🤖 AI Summary
Precise localization of leader unmanned surface vessels (USVs) remains challenging in dynamic, complex underwater environments during multi-USV collaborative operations.
Method: This paper proposes an end-to-end deep learning localization framework integrating optical, acoustic, and pressure sensing modalities. We design a heterogeneous modality alignment and feature-level fusion neural network architecture to synergistically combine high-resolution visual localization, long-range acoustic ranging, and environmental pressure sensing. Additionally, we introduce an underwater-specific calibration strategy and lightweight inference optimization.

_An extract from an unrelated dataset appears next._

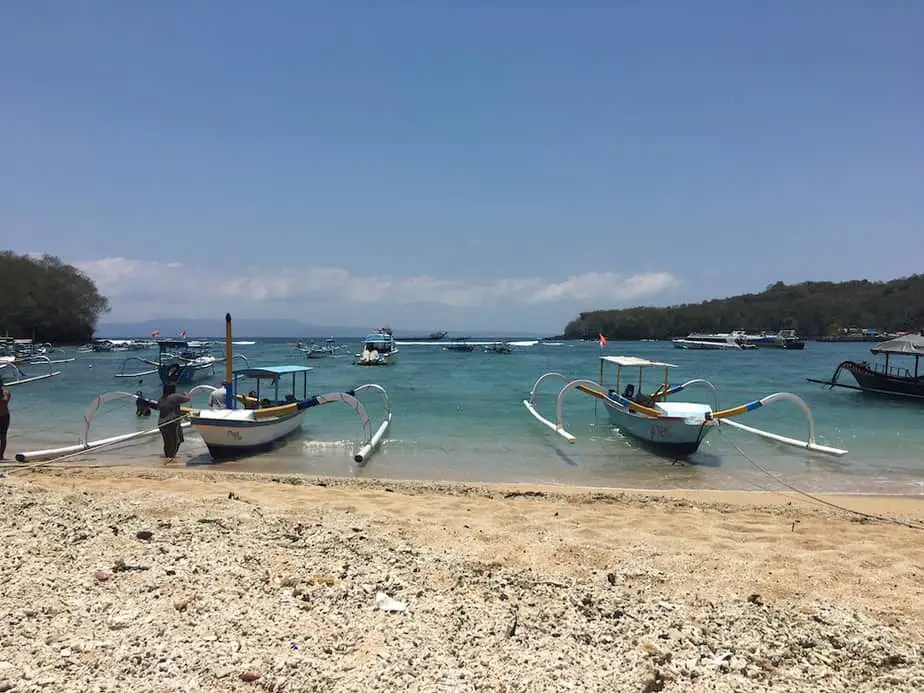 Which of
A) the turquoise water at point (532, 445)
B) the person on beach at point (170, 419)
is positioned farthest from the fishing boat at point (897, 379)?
the person on beach at point (170, 419)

Results: Evaluated on a custom-built underwater test platform, the proposed method significantly outperforms single- and dual-modal baselines, achieving a 42% reduction in mean localization error under dynamic, complex conditions. The approach delivers both high accuracy and strong robustness, demonstrating practical viability for real-world underwater multi-agent coordination.
📝 Abstract
Underwater vehicles have emerged as a critical technology for exploring and monitoring aquatic environments. The deployment of multi-vehicle systems has gained substantial interest due to their capability to perform collaborative tasks with improved efficiency. However, achieving precise localization of a leader underwater vehicle within a multi-vehicle configuration remains a significant challenge, particularly in dynamic and complex underwater conditions. To address this issue, this paper presents a novel tri-modal sensor fusion neural network approach that integrates optical, acoustic, and pressure sensors to localize the leader vehicle. The proposed method leverages the unique strengths of each sensor modality to improve localization accuracy and robustness. Specifically, optical sensors provide high-resolution imaging for precise relative positioning, acoustic sensors enable long-range detection and ranging, and pressure sensors offer environmental context awareness. The fusion of these sensor modalities is implemented using a deep learning architecture designed to extract and combine complementary features from raw sensor data. The effectiveness of the proposed method is validated through a custom-designed testing platform. Extensive data collection and experimental evaluations demonstrate that the tri-modal approach significantly improves the accuracy and robustness of leader localization, outperforming both single-modal and dual-modal methods.